(Materials provided)
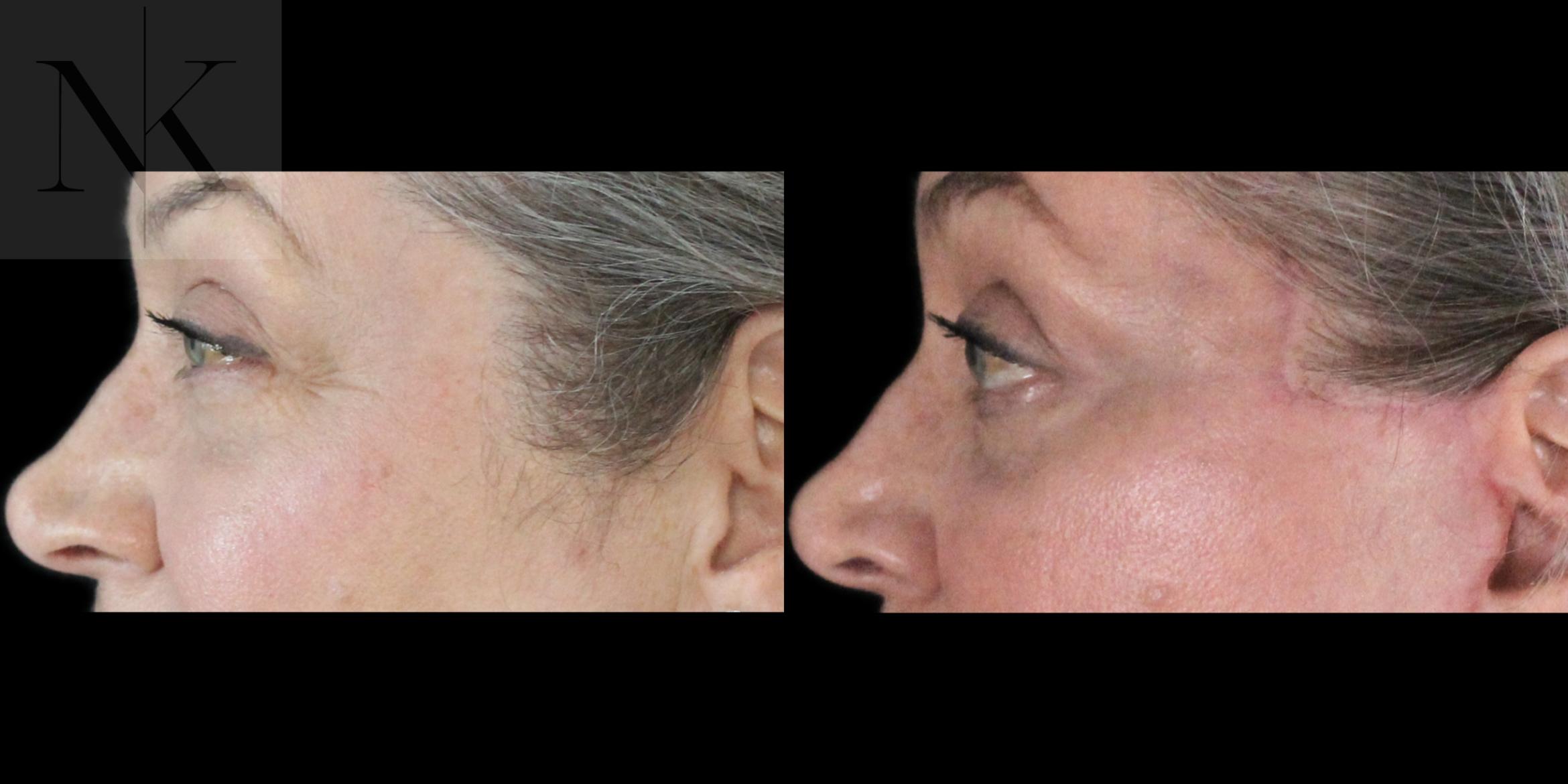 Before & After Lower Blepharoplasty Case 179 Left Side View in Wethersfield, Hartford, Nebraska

...

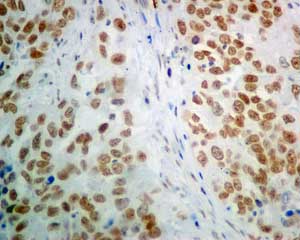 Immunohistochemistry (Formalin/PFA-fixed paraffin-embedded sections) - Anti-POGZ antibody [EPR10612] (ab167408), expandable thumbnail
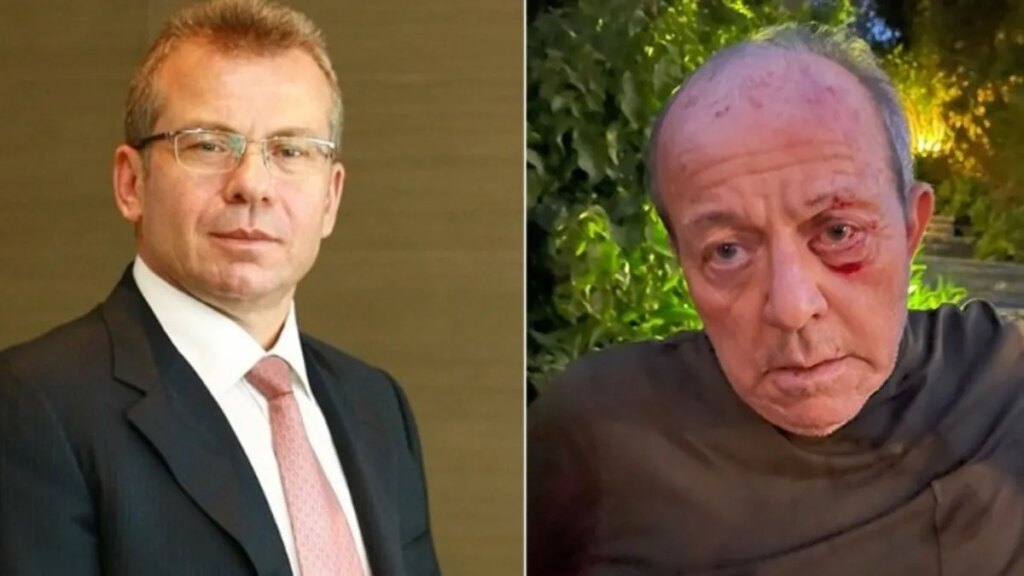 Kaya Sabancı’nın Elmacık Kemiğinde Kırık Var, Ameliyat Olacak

(Exercise) Give exactly the lines above that run from the line with "Immunohistochemistry (Formalin/PFA-fixed paraffin-embedded" to the line with "Kaya Sabancı’nın Elmacık", both included, leaving every picture out.

(Exercise response)
 Immunohistochemistry (Formalin/PFA-fixed paraffin-embedded sections) - Anti-POGZ antibody [EPR10612] (ab167408), expandable thumbnail
 Kaya Sabancı’nın Elmacık Kemiğinde Kırık Var, Ameliyat Olacak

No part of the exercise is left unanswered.